Alveolar destruction (emphysema) is another key component of COPD [4]. Chronic inflammation is thought to play a key role in the pathogenesis of emphysema [4]. One of the main consequences of emphysema is loss of elastic recoil, which is also a key determinant of DH [2]. Thus, the relationship between chronic inflammation, emphysema and DH seems straightforward.
POTENTIAL IMPLICATIONS
The relationships previously outlined between DH and inflammation are speculative and by no means comprehensive. However, a better understanding of these relationships is of great potential clinical relevance because both DH and chronic inflammation are key pathogenic components of COPD and can both be potentially modified by current therapies (long-acting bronchodilators and inhaled steroids). Thus, by reducing one of them, it is theoretically possible to influence the other one.
DH is one of the main factors limiting exercise capacity (and, consequently, health status) in these patients. Current bronchodilator therapy is effective in reducing DH, in alleviating symptoms and in improving exercise capacity in patients with COPD [4]. Actually, bronchodilator therapy currently forms the cornerstone of the management strategy in these patients [4]. What is less often realised is that, if the links discussed previously between DH and inflammation are true (fig. 1⇑), then bronchodilator therapy in COPD may not only decrease DH (and hence improve symptoms and exercise capacity) but may also contribute by itself to the reduction of the inflammatory load that occurs in these patients, both within and outside the lungs [4]. If this is the case, this might have an impact upon other important outcomes, such as acute exacerbations, cancer, cardiovascular disease and death [19].

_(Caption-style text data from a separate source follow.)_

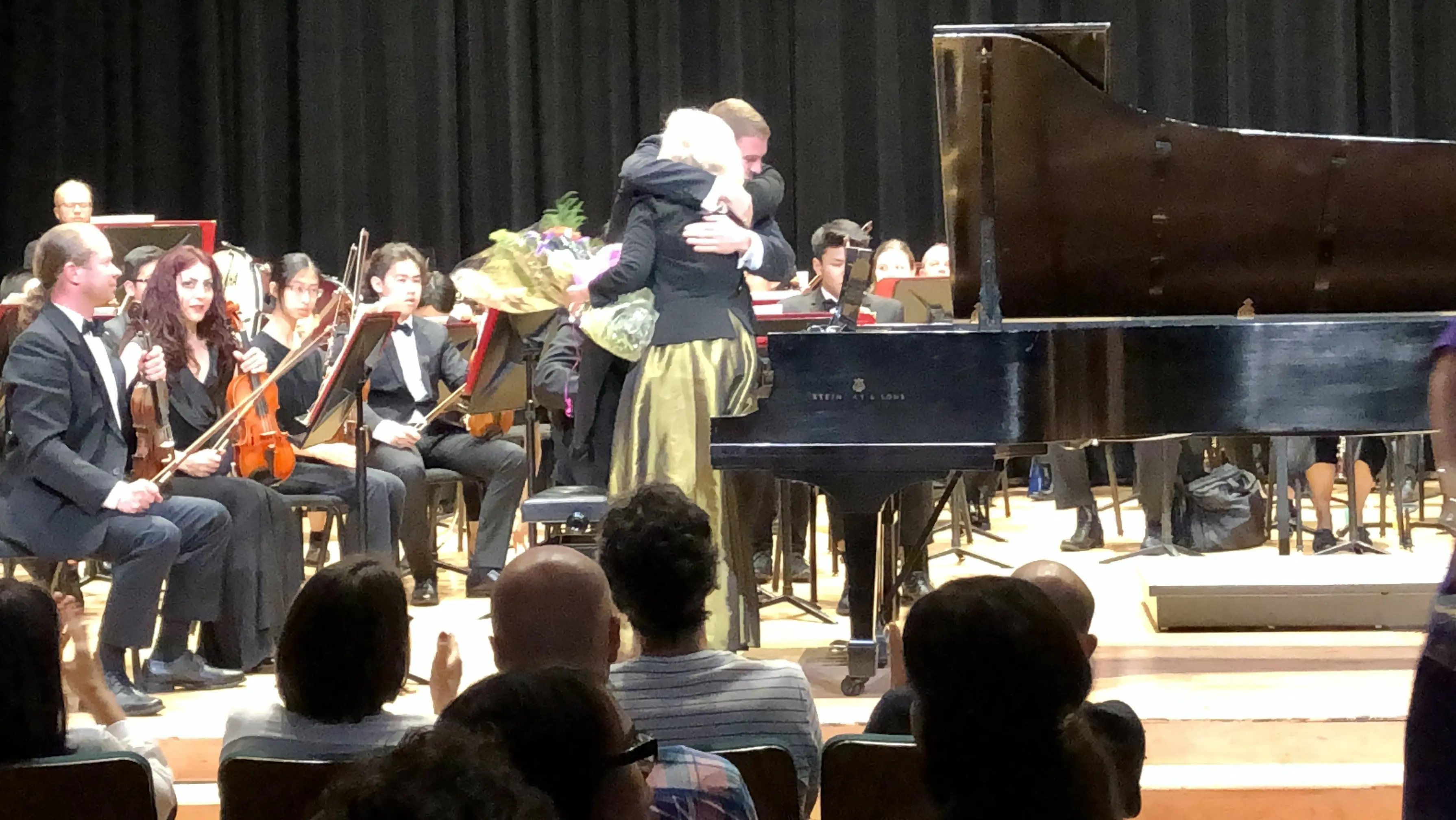André Mathieu piano concerto with KSO Symphony, Jiri Pedrilik, the very happy conductor, Christina Petrowska Quilico, piano, Glenn Gould Studio, Toronto, Canada.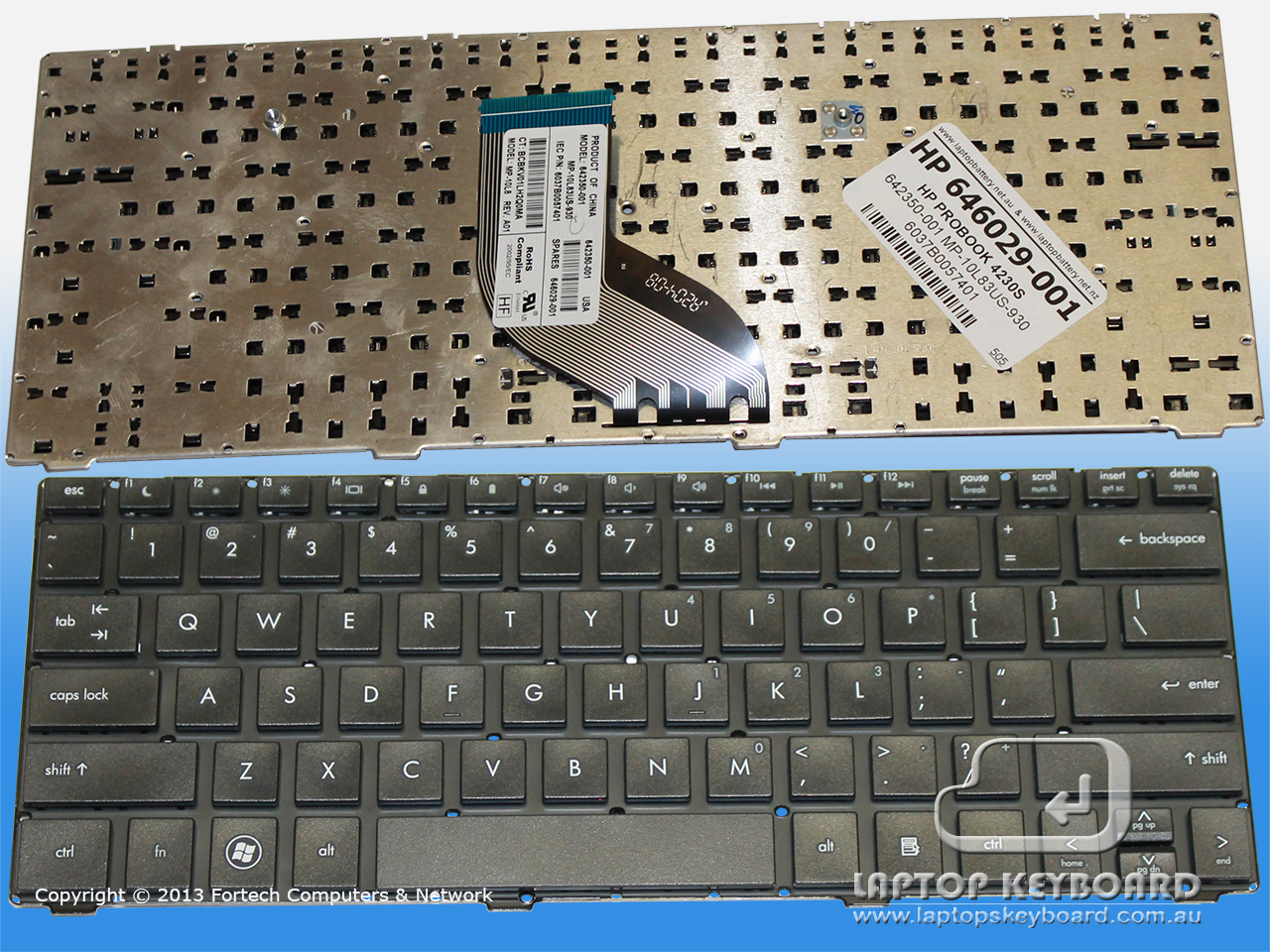 HP PROBOOK 4230S US REPLACE BLACK KEYBOARD 646029-001 - Click Image to Close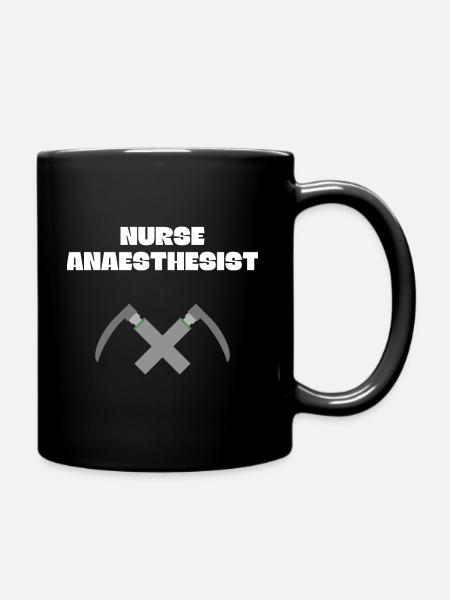 Krankenschwester Narkose Krankenhaus Anästhesie - Tasse einfarbig - Schwarz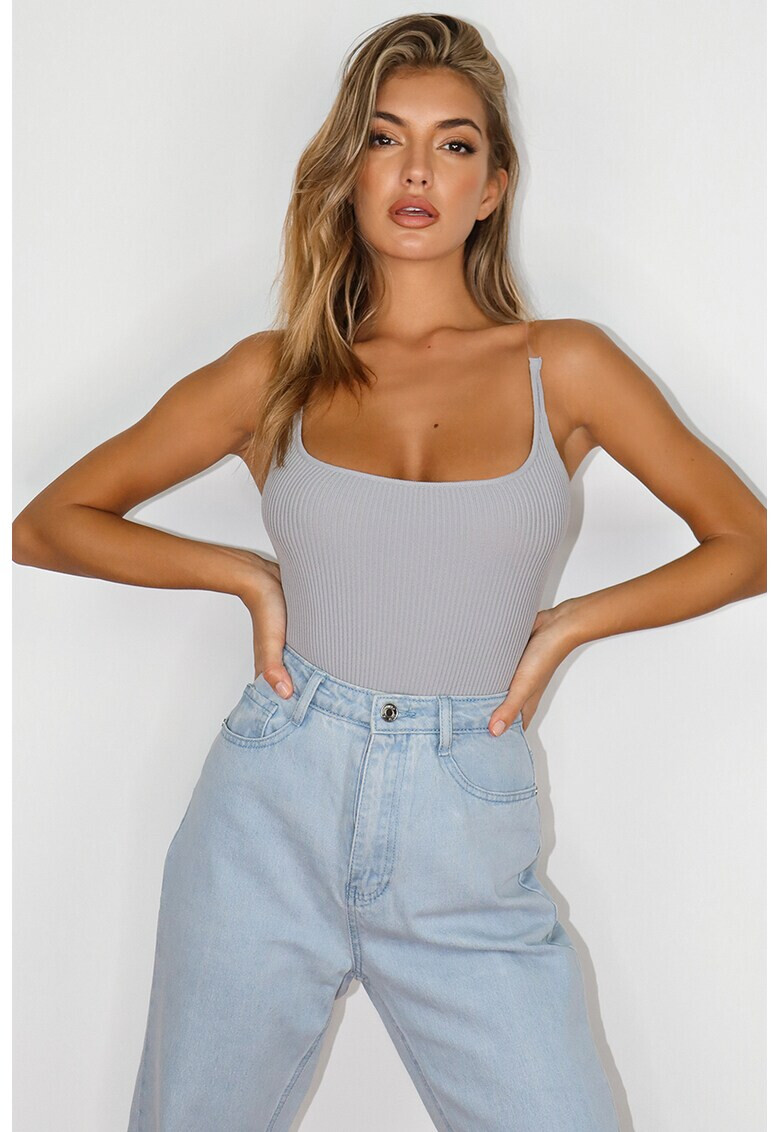 Missguided Боди с прозрачни презрамки - Pepit.bg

Conversely, if chronic inflammation has the potential to contribute to DH (fig. 1⇑), then anti-inflammatory therapy would also be expected to contribute to its reduction. Surprisingly, and to the best of the present authors’ knowledge, no published study has explored this possibility directly so far. However, some indirect evidence may support it. First, a post hoc analysis of a study investigating the effects of the antioxidant molecule N-acetylcysteine on lung function decline found that, in a subgroup of patients, the chronic use of this molecule (to some extent, an anti-inflammatory molecule) had an effect on hyperinflation [20]. Secondly, several studies have clearly shown positive clinical effects resulting from the combination of bronchodilator therapy and inhaled steroids upon several relevant clinical outcomes in COPD [21–23]. Finally, there are a number of population-based studies that link COPD severity to inflammatory markers, mainly in the Third National Health and Nutrition Examination Survey (NHANES-III) [24, 25]. To date, no DH population data are available, simply because EELV and other parameters were not measured. Ongoing natural history studies might collect EELV or other DH data. An epidemiological association would add weight to the potential causality of the relationship between DH, inflammation and COPD [26].
CONCLUSIONS
The relationship between dynamic hyperinflation and inflammation in patients with chronic obstructive pulmonary disease is poorly understood but is of great potential relevance. There are a number of mechanisms via which dynamic hyperinflation can have pro-inflammatory effects and several pathways via which chronic inflammation can contribute to dynamic hyperinflation. In fact, it is possible that by treating dynamic hyperinflation with bronchodilator therapy, inflammation is actually being influenced and, vice versa, by using anti-inflammatory drugs, dynamic hyperinflation and its consequences may actually be decreased, mainly the symptoms and exercise intolerance. Although these possibilities will have to be tested directly in future studies, the consideration of potential relationships between dynamic hyperinflation and inflammation may open up new avenues in the understanding and treatment of chronic obstructive pulmonary disease.